May I please have every record restated word for word, with the images left out?

--- DATA FOR ANALYSIS Enclosed Below ---

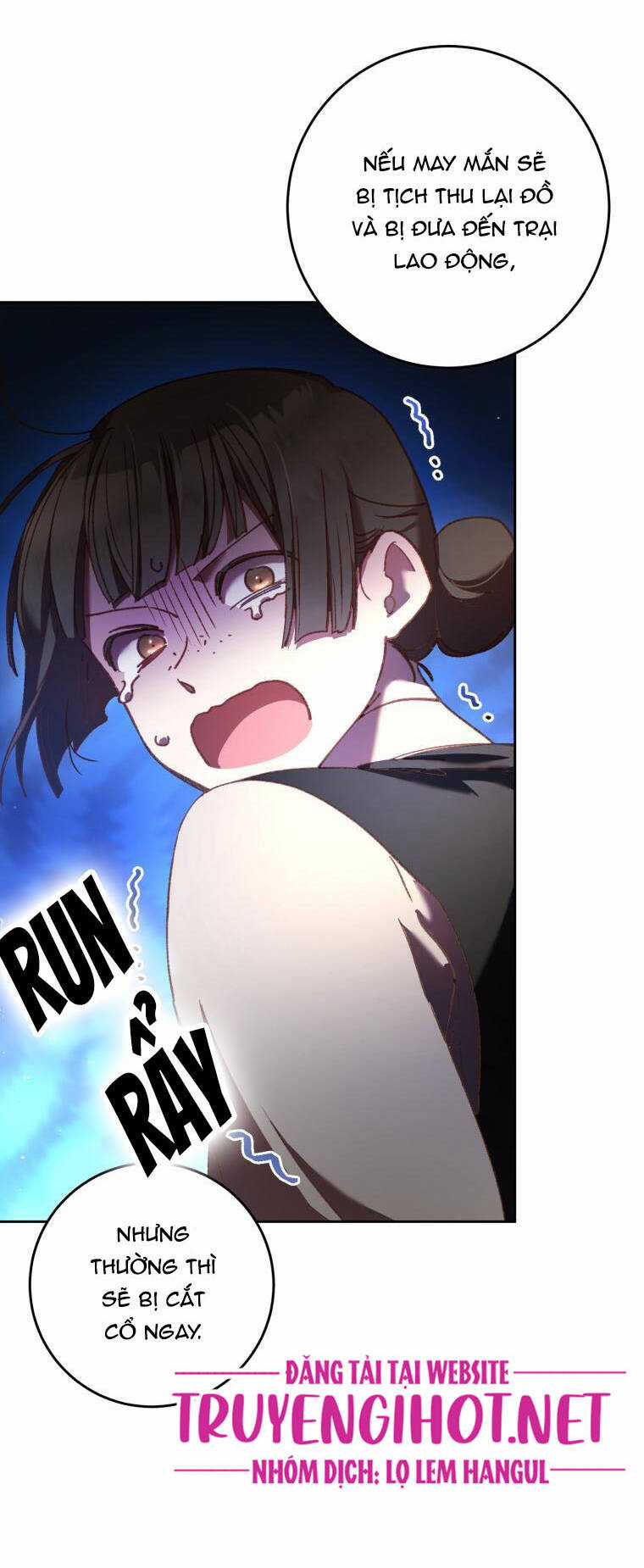 Em Trai Tôi Là Hoàng Đế Ngang Ngược Chapter 38.1 trang 44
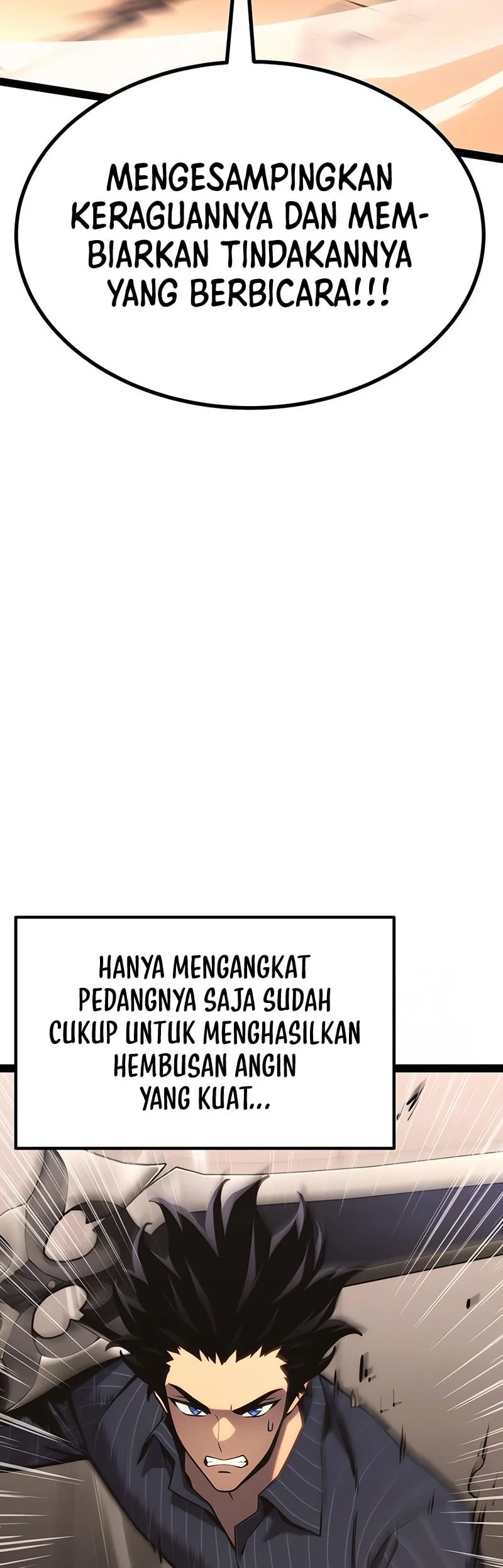 Chapter 39 - halaman 21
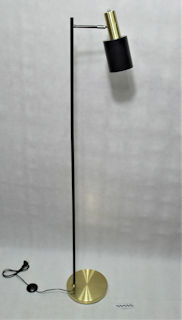 LAMPA PODŁOGOWA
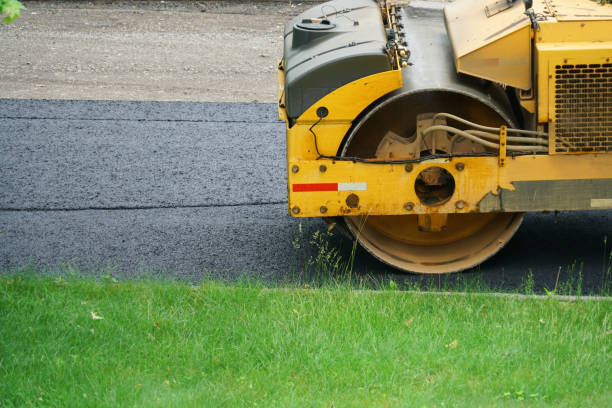  Grafton, ND Driveway Paving Services Pros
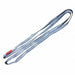 Sling Endless 8 Ft L 3200 Lb Cap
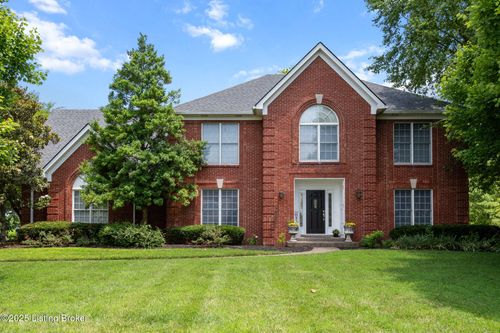 11731 Paramont Way, Prospect, KY, 40059-9076 | Card Image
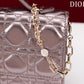 LTB - Luxe Touch Bags - 761
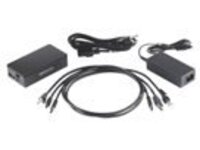 HP Anyware - Remote system controller
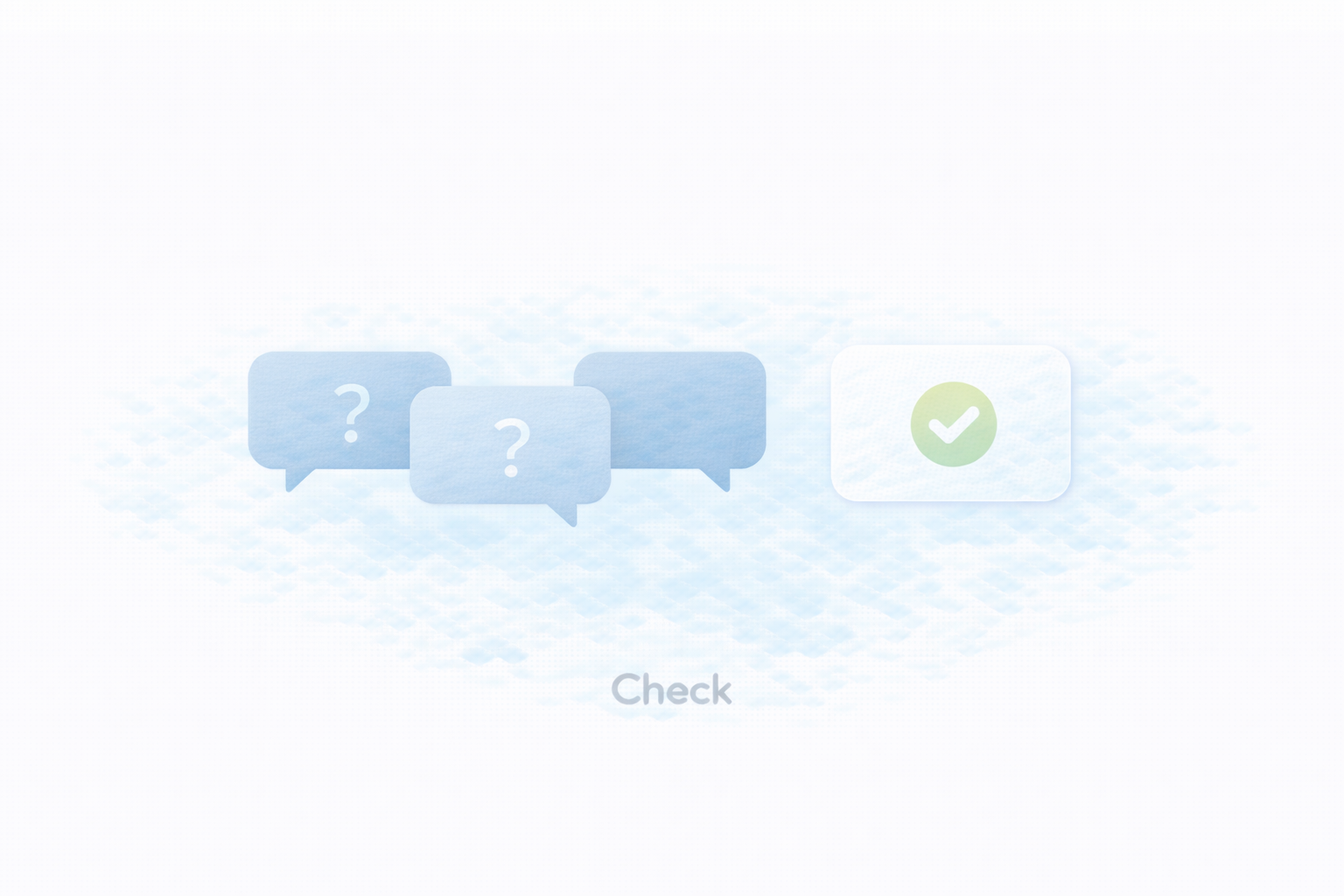 スマートロックのよくある質問（FAQ）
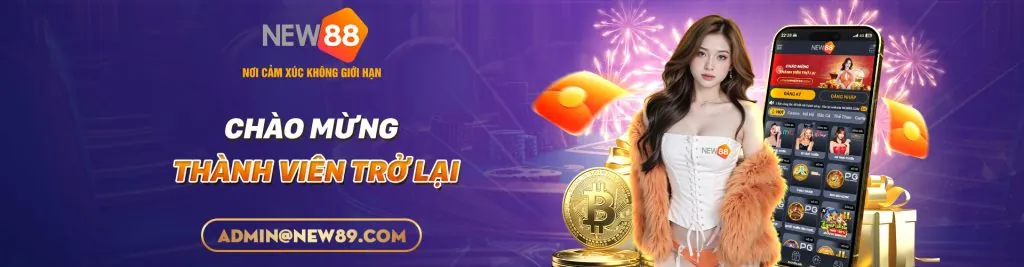 Thưởng nạp lại kuwin1 app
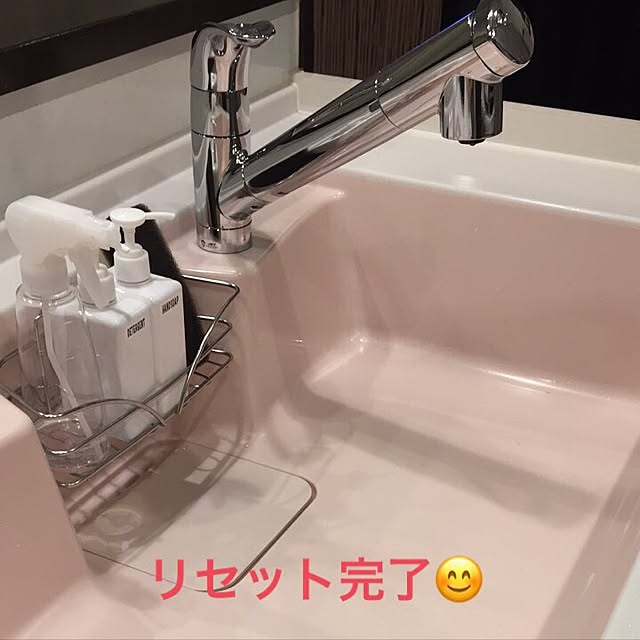 ___a.r.r.y___さんの実例写真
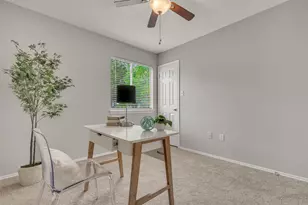 513 Shant St, Austin, TX 78748 - Photo 23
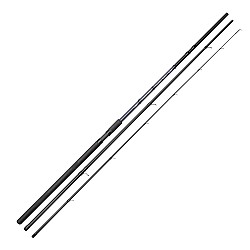 Lansetă Spro C-TEC Pantera Float, 3.60m/25gr/3buc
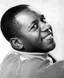 Flip Wilson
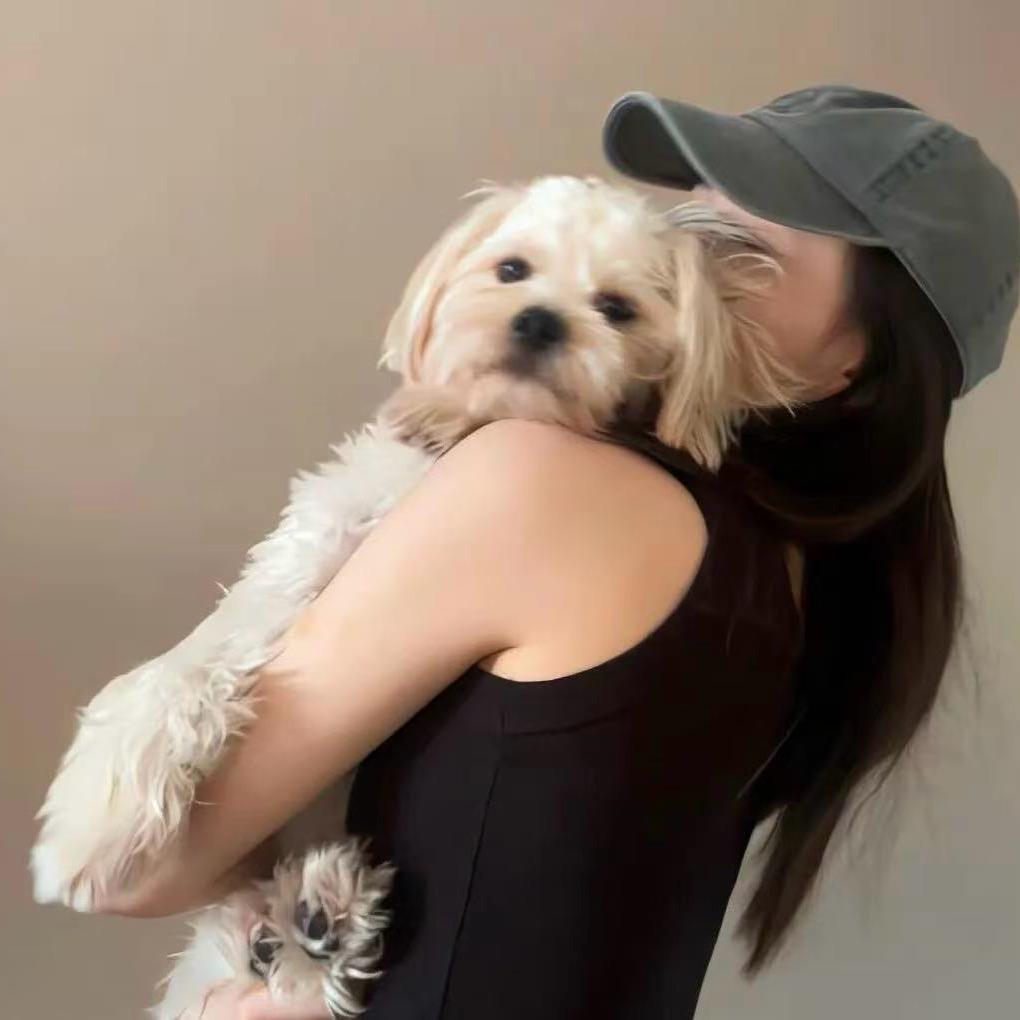 沁雅阁茶馆官方号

--- End of Enclosed DATA FOR ANALYSIS ---

WRITTEN SOLUTION:
 Em Trai Tôi Là Hoàng Đế Ngang Ngược Chapter 38.1 trang 44
 Chapter 39 - halaman 21
 LAMPA PODŁOGOWA
  Grafton, ND Driveway Paving Services Pros
 Sling Endless 8 Ft L 3200 Lb Cap
 11731 Paramont Way, Prospect, KY, 40059-9076 | Card Image
 LTB - Luxe Touch Bags - 761
 HP Anyware - Remote system controller
 スマートロックのよくある質問（FAQ）
 Thưởng nạp lại kuwin1 app
 ___a.r.r.y___さんの実例写真
 513 Shant St, Austin, TX 78748 - Photo 23
 Lansetă Spro C-TEC Pantera Float, 3.60m/25gr/3buc
 Flip Wilson
 沁雅阁茶馆官方号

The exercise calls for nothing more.